** The problem **
The lines to be copied run from the one containing "A Chinese carved" to the end of the material below; reproduce them exactly, including both ends, and nothing more.

** Supplied information **

------------------------------------------------------------------------

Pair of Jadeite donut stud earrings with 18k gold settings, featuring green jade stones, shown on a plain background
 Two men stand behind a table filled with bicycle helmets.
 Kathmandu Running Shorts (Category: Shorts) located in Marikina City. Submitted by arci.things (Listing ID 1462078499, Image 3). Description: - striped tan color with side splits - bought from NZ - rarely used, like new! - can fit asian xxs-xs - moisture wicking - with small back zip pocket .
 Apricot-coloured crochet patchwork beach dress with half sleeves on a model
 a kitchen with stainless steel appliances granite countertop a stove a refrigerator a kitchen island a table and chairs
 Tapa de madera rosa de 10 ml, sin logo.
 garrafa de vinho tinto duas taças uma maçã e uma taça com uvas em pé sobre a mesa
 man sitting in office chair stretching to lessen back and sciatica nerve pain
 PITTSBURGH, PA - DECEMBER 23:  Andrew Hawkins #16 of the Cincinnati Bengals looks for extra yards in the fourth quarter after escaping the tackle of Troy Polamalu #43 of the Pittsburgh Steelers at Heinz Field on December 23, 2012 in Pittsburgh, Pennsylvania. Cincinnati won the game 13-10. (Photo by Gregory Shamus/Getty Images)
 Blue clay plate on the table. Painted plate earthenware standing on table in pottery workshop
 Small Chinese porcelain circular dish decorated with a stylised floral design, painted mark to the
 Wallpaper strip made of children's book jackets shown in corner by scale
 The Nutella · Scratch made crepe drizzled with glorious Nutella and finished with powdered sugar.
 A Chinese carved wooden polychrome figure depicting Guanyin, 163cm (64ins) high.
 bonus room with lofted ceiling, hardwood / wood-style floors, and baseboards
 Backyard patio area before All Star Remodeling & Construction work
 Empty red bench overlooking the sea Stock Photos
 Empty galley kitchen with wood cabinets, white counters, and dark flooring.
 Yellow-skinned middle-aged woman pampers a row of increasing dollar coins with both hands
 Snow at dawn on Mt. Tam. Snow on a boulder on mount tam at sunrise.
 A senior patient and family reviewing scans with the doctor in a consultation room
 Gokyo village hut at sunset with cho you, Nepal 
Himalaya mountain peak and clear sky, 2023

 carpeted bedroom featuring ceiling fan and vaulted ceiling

------------------------------------------------------------------------

** Output **
 A Chinese carved wooden polychrome figure depicting Guanyin, 163cm (64ins) high.
 bonus room with lofted ceiling, hardwood / wood-style floors, and baseboards
 Backyard patio area before All Star Remodeling & Construction work
 Empty red bench overlooking the sea Stock Photos
 Empty galley kitchen with wood cabinets, white counters, and dark flooring.
 Yellow-skinned middle-aged woman pampers a row of increasing dollar coins with both hands
 Snow at dawn on Mt. Tam. Snow on a boulder on mount tam at sunrise.
 A senior patient and family reviewing scans with the doctor in a consultation room
 Gokyo village hut at sunset with cho you, Nepal 
Himalaya mountain peak and clear sky, 2023

 carpeted bedroom featuring ceiling fan and vaulted ceiling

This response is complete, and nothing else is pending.